Rushdie's stabbing has once again brought the focus back on Satanic Verses, the book that got Rushdie in so much trouble that he had to live fearing for his life for the past 33 years

Noted novelist Salman Rushdie was stabbed repeatedly ahead of a speaking event in Chautauqua, New York, on Friday, August 13, 2022. Rushdie was always living on borrowed time once Iran’s Ayatollah Khomeini issued a fatwa against him in February 1989. However, when it came to banning Satanic Verses, India was months ahead of Iran, banning the book in October 1988 much before any other country.

Rushdie was ironically going to discuss the topic, “America’s role as an asylum for writers and other artists in exile and as a home for freedom of creative expression”, before he was stabbed in America for his writings from over 3 decades back.

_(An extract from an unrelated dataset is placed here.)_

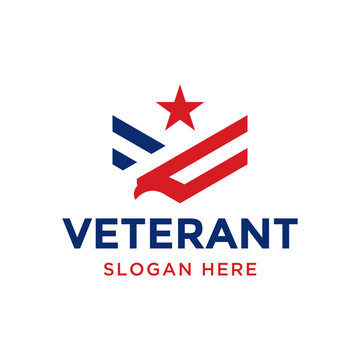 eagle veteran logo design vector illustration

Rushdie’s stabbing has once again brought the focus back on Satanic Verses, the book that got Rushdie in so much trouble that he had to live fearing for his life for the past 33 years, ever since Iran issued a fatwa in his name in February 1989. Iran’s Ayatollah Khomeini issued a fatwa against Salman Rushdie on February 14 that year, but interestingly, they were not the first country to get upset over the Satanic Verses and ban it, that honour belongs to India.

Indian Prime Minister at the time, Rajiv Gandhi, had already shown his willingness to bow down to Islamists in the Shah Bano case in 1985, and he did it again by leading the world in banning Satanic Verses. Interestingly, India never banned the book outright, instead, they imposed the ban through Finance Ministry, imposing a ban on the import of the book under the Customs act.

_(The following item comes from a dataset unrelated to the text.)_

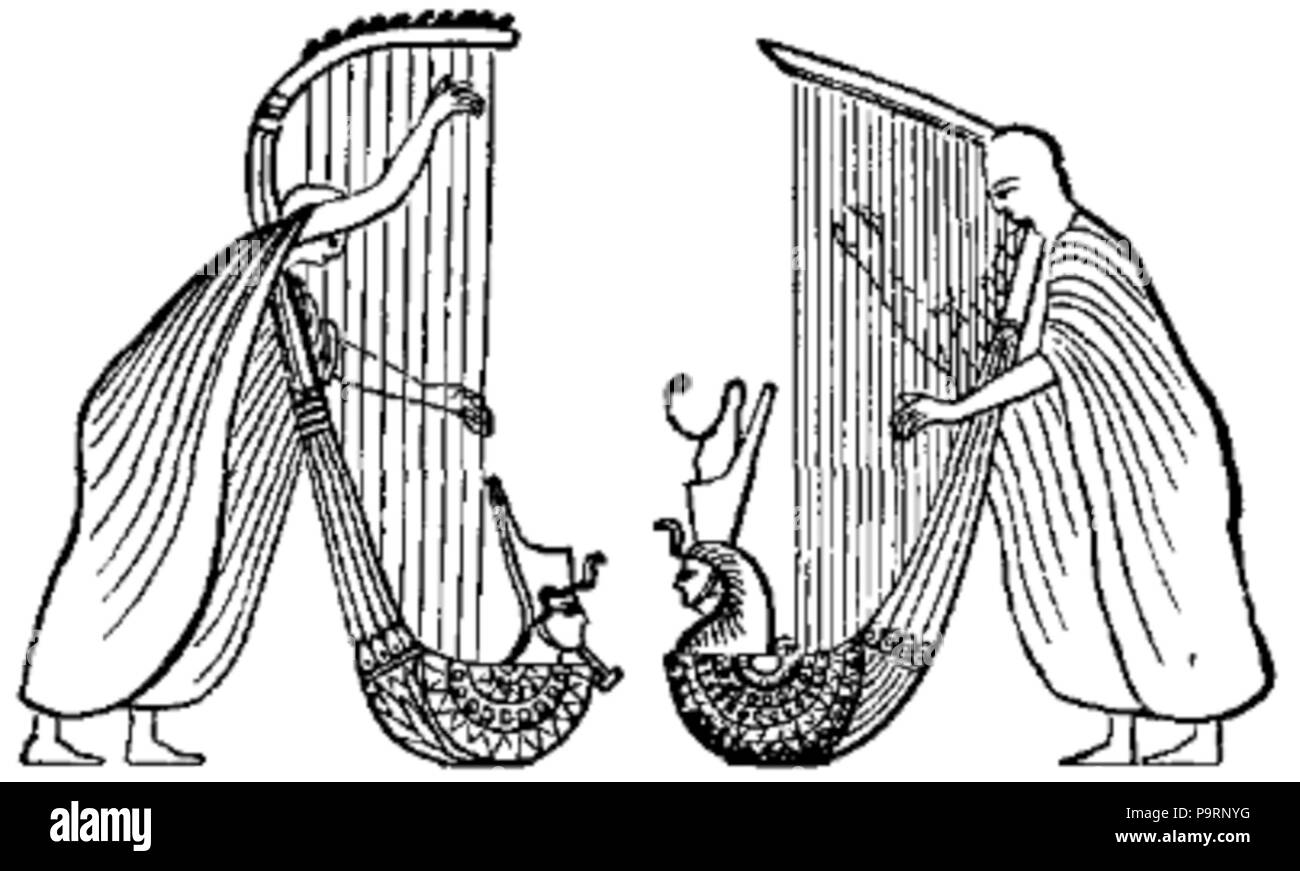 263 C+B-Music-Fig18-EgyptianStandingHarp Foto Stock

The Congress government even imposed a travel ban on Salman Rushdie, barring him from coming to India. The ban was eventually lifted by the Vajpayee government in 1999, 11 years later.

The book was first published in Britain on 26th September 1988, by banning its import within 10 days, India effectively banned the book. However, some copies had already found their way to India, but after looking at the fate of Nupur Sharma supporters, we can well understand why nobody is going to come out and admit to having a copy.

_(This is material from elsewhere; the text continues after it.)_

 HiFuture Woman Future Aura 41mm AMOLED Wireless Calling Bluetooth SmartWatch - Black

The call for a ban on the book was led by Congress MPs Syed Shahabuddin and Khursheed Alam Khan (father of Salman Khursheed). The book was banned after Shahabuddin filed a petition against it claiming that it is a threat to public order. Rafiq Zakaria, the father of CNN’s Fareed Zakaria, was also at the forefront of calling for a ban on Rushdie’s book.

A weak Prime Minister like Rajiv Gandhi did what was expected of him, bowed to the pressure from his party’s Muslim MPs, and banned the book, starting a fire which is evidently burning till today. Following the ban by India, the book was banned in Sudan, Bangladesh, Sri Lanka, and South Africa.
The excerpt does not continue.